Bizim çiçekleri görünce pek sevindim :) 2 hafta önce aynen öyleydi ağaçlarımız, şimdi artık minnacık meyvelere dönüştü çiçekler :) Ben bu yıl da çektim fotoğraflarını her yılki gibi, gönderirim sana da :) Her baharda bekleriz ayrıca fotoğraf çekimi için :)

Tijen dedi ki...

Ben de bu yılın çiçeklerini gördüğüme çok sevindim. Tatlı kızını görmek ise bir başka sevinç kaynağı oldu sevgili Umut. Çok teşekkürler paylaştığın için.

ibeking dedi ki...

evet evet hep zevk aldım kavrulan sebze kokusundan..ocaktaki zeytinyağına atılan bir diş sarımsağın kokusu, birşeylere eklenen dereotunun kokusu, patlıcanı pijamalı olacak şekilde soyarken çıkarttığı ses, domatesli makarnayı karıştırırkenki çıkan sesin verdiği mutluluk..işte bunlar de beni mest eden ufak tefekler..

Adsız dedi ki...

Tijen'ciğim daha ne olsun zeytinyağın içinde kavrulan sebzeler, onlara eşlik eden soğan ve sarımsak kokuları başka birşey olmasına gerek yok. Beni mutlu etmeye yeter!
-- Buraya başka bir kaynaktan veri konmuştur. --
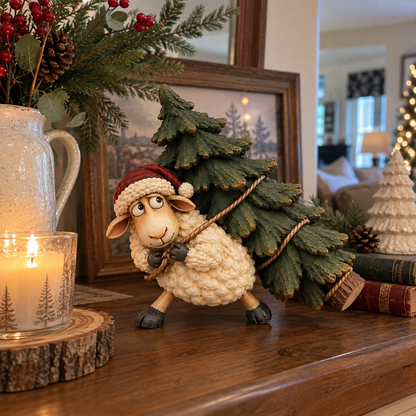 🐑Little Woolly's Christmas Mission™ – Whimsical Sheep Carrying Christmas Tree Figurine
Haklısın dinlenmek gerekmiş ben bunu anladım, dinlenmek ve şükretmek gerek! İyi dinlen ve enerji topla olur mu?
İstanbul'dan sevgiler...

Unknown dedi ki...

Tijen'cim,
Bahari ozledim.Kardan biktim.Soguktan ona keza...Bnde o pembeleri bahar dallarini ama once o kupkuru dallarin uclarinda filizlenen beyaz cicekleri ozledim...Sen hazir dinlenecekken ben mesguliyet vermiyeyim..Ayrica tebrik ederimki ayin blogu secilmissin..Tebrikler Tijen'cim.

Margot dedi ki...

Makarna Kardeşim,
Bahar geliyor ve senin blog'a her bakışımda daha da neşeleniyorum. Pancarlar, enginarlar, rengarenk mis kokulu çiçekler. Aklıma Bedri Rahmi'nin bir şiiri geliyor, benden sana küçük bir armağan kızkardeş :)

TAZE TAZE

Dondurma kutusu üstünde
Üç kırmızı çiçek
Canımın içi kadar sıcak
Dilediğim kadar kırmızı
Özlediğim kadar gerçek.
Dondurma kutusu üstünde yaz gelmiş meğer
Neler getirdi kim bilir neler
Neler götürecek.

Unknown dedi ki...

Sevgili Tijen, dinlen dinlenmesine ama çok da uzaklaşma bizlerden.Evet çok yoruyor insanı yaşam bazen. Ufak kaçamaklar gerekli şöylee papatyaların yanına uzanıp bir kitap okumayı, ya da ne bileyim denizin sessiz sesinde melodik bir huzur bulmayı özlüyor insan. seviyorum senin bir pembe şeftali dalına yazdığın yazıları ya da ne bileyim mevsimin ilk bezelyesine adadığın yarım sayfalık yazını. O yüzden git gitmesine ama çok da uzaklaşmadan...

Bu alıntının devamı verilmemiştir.